Les champs de bataille comme bureau

Nous rencontrons ce Bernois dans un café de sa ville. Il est de passage en Suisse. Son lieu de travail? Le front ukrainien. Il passe ses soirées à préparer son sac à dos photo, met son casque et ses lunettes de protection tous les matins, enfile son gilet pare-balles et se rend littéralement sur les champs de bataille.

Il a commencé à exercer son métier de reporter de guerre il y a douze ans. Durant cette dizaine d'années, il a photographié la guerre en Irak, vécu de près la terreur de l'État islamique (EI) en Syrie et suivi le déroulement de la guerre civile aux Philippines.

Mais cette fois-ci, c'est différent. «L'Ukraine ne ressemble à aucune de ces autres guerres», avance Alex Kühni. Il y a deux jours, le Bernois est revenu du Donbass. Il poursuit: «En Irak et en Syrie, nous savions que les mortiers des terroristes pouvaient parcourir trois kilomètres au maximum. Nous pouvions donc nous retirer et manger tranquillement une pizza à une distance sûre.»

Or, en Ukraine, on ne serait en sécurité nulle part: les missiles à longue portée et les obus d'artillerie pourraient atteindre n'importe quel point. À tout moment.

Depuis douze ans, le photographe bernois Alex Kühni se rend régulièrement dans des zones de guerre. «Être là où l'histoire s'écrit est un privilège», assure-t-il.
Photo: PHILIPP SCHMIDLI | Fotografie

«Les politiciens suisses devraient se rendre dans le Donbass»

Trop souvent, ces missiles et obus touchent des immeubles d'habitation. Comme il y a quelques jours dans la ville de Sloviansk, dans le Donbass. Quatorze personnes ont alors perdu la vie, dont un enfant de 3 ans. Alex Kühni était présent: «La grand-mère de ce petit garçon revenait encore des jours après l'attaque près de la maison bombardée, anéantie par la perte de son petit-fils.»

L'Ukraine n'a pas assez d'armes pour se protéger de la terreur des missiles. Les chars allemands Gepard, par exemple, seraient pourtant idéaux pour faire tomber les missiles du ciel. «Le fait que la Suisse interdise à l'Allemagne de livrer à l'Ukraine des munitions Gepard produites dans le pays est un énorme sujet de discussion sur le front», glisse-t-il.

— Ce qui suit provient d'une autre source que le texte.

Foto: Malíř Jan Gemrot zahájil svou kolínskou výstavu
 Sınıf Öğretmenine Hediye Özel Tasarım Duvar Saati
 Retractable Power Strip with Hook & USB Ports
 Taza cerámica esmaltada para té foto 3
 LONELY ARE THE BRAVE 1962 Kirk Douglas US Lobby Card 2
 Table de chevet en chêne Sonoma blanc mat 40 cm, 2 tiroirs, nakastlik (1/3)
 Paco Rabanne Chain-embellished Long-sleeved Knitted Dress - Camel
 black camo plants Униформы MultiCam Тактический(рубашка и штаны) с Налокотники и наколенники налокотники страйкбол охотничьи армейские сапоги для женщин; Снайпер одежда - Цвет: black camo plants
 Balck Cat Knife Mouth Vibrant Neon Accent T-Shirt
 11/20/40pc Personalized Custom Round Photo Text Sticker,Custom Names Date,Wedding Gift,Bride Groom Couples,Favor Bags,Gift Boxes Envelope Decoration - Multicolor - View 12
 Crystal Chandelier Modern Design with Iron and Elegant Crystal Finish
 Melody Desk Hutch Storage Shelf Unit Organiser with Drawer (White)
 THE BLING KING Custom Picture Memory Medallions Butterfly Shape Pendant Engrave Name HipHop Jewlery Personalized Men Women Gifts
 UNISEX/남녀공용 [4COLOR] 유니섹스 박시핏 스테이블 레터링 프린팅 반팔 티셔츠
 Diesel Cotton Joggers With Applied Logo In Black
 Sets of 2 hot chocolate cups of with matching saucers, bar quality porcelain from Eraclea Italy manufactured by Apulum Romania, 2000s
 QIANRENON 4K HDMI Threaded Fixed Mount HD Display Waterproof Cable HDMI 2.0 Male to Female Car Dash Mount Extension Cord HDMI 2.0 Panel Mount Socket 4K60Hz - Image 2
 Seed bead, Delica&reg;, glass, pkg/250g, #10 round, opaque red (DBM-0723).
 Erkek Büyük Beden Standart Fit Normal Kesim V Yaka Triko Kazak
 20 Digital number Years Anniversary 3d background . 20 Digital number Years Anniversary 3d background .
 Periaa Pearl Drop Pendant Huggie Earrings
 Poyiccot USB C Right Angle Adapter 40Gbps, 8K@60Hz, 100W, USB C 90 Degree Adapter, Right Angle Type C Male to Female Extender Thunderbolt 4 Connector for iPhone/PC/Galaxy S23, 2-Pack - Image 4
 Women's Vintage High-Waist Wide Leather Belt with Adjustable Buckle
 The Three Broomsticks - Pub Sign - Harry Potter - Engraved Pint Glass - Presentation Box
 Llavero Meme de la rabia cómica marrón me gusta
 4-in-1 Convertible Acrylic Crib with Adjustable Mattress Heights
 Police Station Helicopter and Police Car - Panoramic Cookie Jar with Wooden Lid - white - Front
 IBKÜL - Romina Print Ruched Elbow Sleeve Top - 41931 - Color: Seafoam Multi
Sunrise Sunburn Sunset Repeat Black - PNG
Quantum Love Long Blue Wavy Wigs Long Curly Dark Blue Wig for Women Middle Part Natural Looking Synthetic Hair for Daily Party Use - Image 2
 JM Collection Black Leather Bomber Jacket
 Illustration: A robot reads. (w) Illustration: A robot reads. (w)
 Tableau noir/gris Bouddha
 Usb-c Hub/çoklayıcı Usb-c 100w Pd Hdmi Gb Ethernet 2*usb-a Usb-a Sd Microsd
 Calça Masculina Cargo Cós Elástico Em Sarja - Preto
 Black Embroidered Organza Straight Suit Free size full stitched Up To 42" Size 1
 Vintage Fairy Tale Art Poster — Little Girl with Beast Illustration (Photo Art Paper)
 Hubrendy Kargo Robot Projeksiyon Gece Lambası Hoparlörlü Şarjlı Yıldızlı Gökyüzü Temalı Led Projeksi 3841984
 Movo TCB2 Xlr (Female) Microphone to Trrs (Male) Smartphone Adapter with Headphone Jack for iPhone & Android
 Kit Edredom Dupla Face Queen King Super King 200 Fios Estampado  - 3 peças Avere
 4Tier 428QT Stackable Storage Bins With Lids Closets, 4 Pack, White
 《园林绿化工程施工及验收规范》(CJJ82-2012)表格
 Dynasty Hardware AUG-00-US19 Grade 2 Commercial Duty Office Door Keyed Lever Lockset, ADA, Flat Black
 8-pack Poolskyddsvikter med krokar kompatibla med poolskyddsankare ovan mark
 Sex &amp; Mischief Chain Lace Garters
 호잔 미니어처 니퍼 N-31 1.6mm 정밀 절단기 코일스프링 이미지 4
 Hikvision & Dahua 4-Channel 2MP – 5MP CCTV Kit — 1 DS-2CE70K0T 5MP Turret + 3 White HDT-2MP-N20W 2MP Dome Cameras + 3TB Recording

À plusieurs reprises, des officiers l'auraient interpellé à ce sujet: «Ils ne peuvent pas comprendre l'attitude de refus de la Suisse.» Peut-être que les politiciens suisses devraient se rendre une fois dans le Donbass pour comprendre les souffrances brutales que les Russes y provoquent, tonne-t-il.

Les Ukrainiens placent de grands espoirs dans une contre-offensive dont on parle beaucoup. Mais il est difficile de savoir quand et où elle arrivera, même sur place, raconte le Bernois. «Sur l'axe de circulation entre les villes de Dnipro et Kramatorsk, j'ai vu plus de véhicules militaires qu'entre Kiev et Kharkiv au nord», décrit-il. Il soulève donc une hypothèse: «Si je devais vraiment fournir une réponse, je parierais sur une attaque ukrainienne au sud-est.» Et se risque à quelques théories.

Aucune trace de lassitude face à la guerre

Il est clair pour tout le monde dans la zone de guerre que l'imbroglio de l'automne dernier ne fonctionnera pas une deuxième fois. L'Ukraine avait alors spéculé à haute voix et en détail sur la libération de la ville de Kherson sur la mer Noire, pour ensuite libérer d'immenses territoires autour de Kharkiv, bien plus au nord.

Cet ancien officier de l'armée suisse fait défiler une carte du Donbass sur son téléphone portable. Il connaît chaque colline, chaque creux de vallée, chaque village dans les zones contestées. «Je parie sur une attaque sur plusieurs fronts entre le nord du Donbass et le sud de la ville de Zaporijjia, explique le reporter en montrant la région du doigt sur son appareil. Au bout d'une semaine peut-être, l'Ukraine décidera quelle direction est la plus prometteuse, et elle y misera alors à fond.»

Une victoire de l'Ukraine est-elle encore possible? En tout cas, Alex Kühni y croit: «Je me suis rendu quatre fois dans le pays depuis le début de la guerre. Les soldats n'ont jamais été aussi motivés que maintenant.» Il y a un an, il y avait beaucoup d'incertitude chez eux, a-t-il ajouté: «Ils ne savaient pas s'ils pourraient résister à la supériorité russe. Mais ils savent désormais qu'ils peuvent même les repousser.»

Une vidéo d'exécution change les règles du jeu

Un autre élément est entré en ligne de compte. La récente vidéo montrant la décapitation d'un prisonnier de guerre ukrainien par un combattant russe a déclenché quelque chose chez les soldats sur le front, assure Alex Kühni.

Autrefois, il existait quelques règles sur les champs de bataille. Si les soldats adverses touchaient un char et que l'équipage s'enfuyait, il était interdit de leur tirer dans le dos. «C'était une question d'honneur, m'a assuré un commandant», rapporte le photojournaliste. Mais aujourd'hui, ce ne serait plus le cas.

Alex Kühni restera en Suisse ces prochaines semaines. Il enseignera à l'école de design de Berne. Mais au fond de lui, les champs de bataille du Donbass l'appellent déjà, confesse-t-il. «C'est là que l'histoire s'écrit», glisse-t-il. Ce qui restera certainement vrai pour un bon bout de temps encore.